Lasers – consultation, advice and action
This week marks National Eye Health Week and we thought this would be a good opportunity to remind you of what to do to best protect your vision should you fall victim to a laser attack.
The rapid proliferation of visible laser beams in airspace has resulted in a multitude of documented cases of flight crew laser illuminations since the early 1990s and last year saw 1,258 reports from UK pilots just in UK airspace.
BALPA has campaigned hard on this issue and we were making really good headway before the general election, with a specific laser offence included in the Vehicle Technology and Aviation Bill. However, following the election and much to our dismay, this was dropped.
We are now bolstered to see that the Department for Business, Energy & Industrial Strategy (BEIS) has launched a ‘call for evidence’ and is asking for any information, data, experiences and opinions it could use to develop new policy on this safety threat. BALPA pilots can take part in the survey by following the instructions in our recent member email, or by following the above link. Our hope is that this will kick start further discussion and lead to finally getting some tougher police powers in place to tackle the laser menace.
What is the risk from a laser attack?
As a pilot, the major concerns surrounding a laser illumination are those of startle and distraction but it is also very likely that an event may result in temporary vision interference in the form of:
(1) Flash blindness (a visual interference that persists after the source of illumination has been removed)
(2) After-image (a transient image left in the visual field after exposure to a bright light)

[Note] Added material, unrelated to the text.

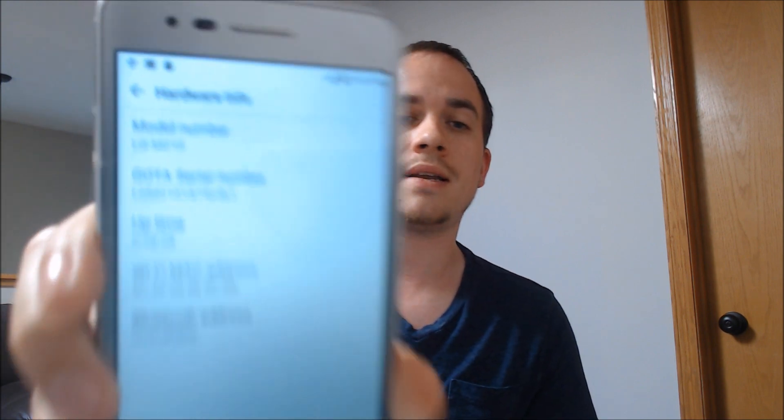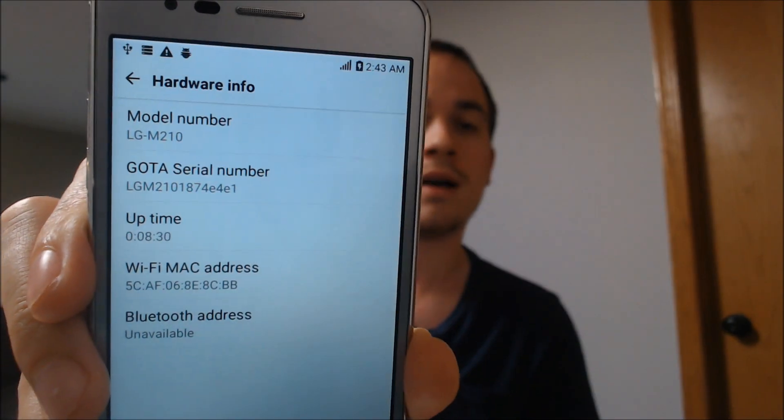I'll jump into the hardware settings here to show you that we are working with an LG M210 — that is the model number for the T-Mobile LG Aristo. We're making this video to let any interested clients know that our business does offer a service to get the phone SIM unlocked for use with other carriers, without having to go through T-Mobile and that whole unlock app process.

(3) Glare (obscuration of an object in a person’s field of vision due to a bright light source located near the same line of sight).
Laser effects on pilots occur in four stages of increasing seriousness – distraction, disruption, disorientation, and incapacitation. Given the many incidents of cockpit illuminations by lasers, the potential for an accident definitely exists but the fact that there have been no laser-related accidents to date indicates that the hazard has, up until now, been successfully managed. With the increase in sales of lasers, and the rapid increase in power, managing the hazard will undoubtedly become more of a challenge unless something is done about it. Technologies are available to mitigate the effects of lasers, but are cumbersome, do not provide full-spectrum protection, and are unlikely to be installed on airline flight decks in the foreseeable future. Systems that detect where a laser is being fired from are also being developed but, again, these are some way off and won’t stop the strike in the first place.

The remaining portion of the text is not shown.